**What the task requires:**
Restate verbatim the span of lines below between the line with "HP Omen TPN-Q195" and the line with "Lidija Đupovac vizit kartica", including those two lines, and only that span.
+++ Available records
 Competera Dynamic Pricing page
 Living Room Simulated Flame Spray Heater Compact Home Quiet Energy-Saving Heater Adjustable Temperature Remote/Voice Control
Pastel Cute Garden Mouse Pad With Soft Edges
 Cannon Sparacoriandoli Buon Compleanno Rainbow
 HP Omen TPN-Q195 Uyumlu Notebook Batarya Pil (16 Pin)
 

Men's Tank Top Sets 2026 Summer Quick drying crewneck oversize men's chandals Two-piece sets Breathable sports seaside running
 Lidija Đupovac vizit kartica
++++++
+++ Available records
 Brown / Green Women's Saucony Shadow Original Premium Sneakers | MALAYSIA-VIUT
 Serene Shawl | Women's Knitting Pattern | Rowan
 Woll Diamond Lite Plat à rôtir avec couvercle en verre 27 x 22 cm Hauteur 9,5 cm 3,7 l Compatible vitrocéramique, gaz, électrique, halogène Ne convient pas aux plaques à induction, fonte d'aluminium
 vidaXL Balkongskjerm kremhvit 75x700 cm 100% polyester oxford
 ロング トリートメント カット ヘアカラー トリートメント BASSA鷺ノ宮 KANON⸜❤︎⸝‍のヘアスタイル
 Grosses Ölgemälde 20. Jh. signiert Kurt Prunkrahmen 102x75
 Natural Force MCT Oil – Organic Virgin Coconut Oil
++++++
**Response area:**
 HP Omen TPN-Q195 Uyumlu Notebook Batarya Pil (16 Pin)
 

Men's Tank Top Sets 2026 Summer Quick drying crewneck oversize men's chandals Two-piece sets Breathable sports seaside running
 Lidija Đupovac vizit kartica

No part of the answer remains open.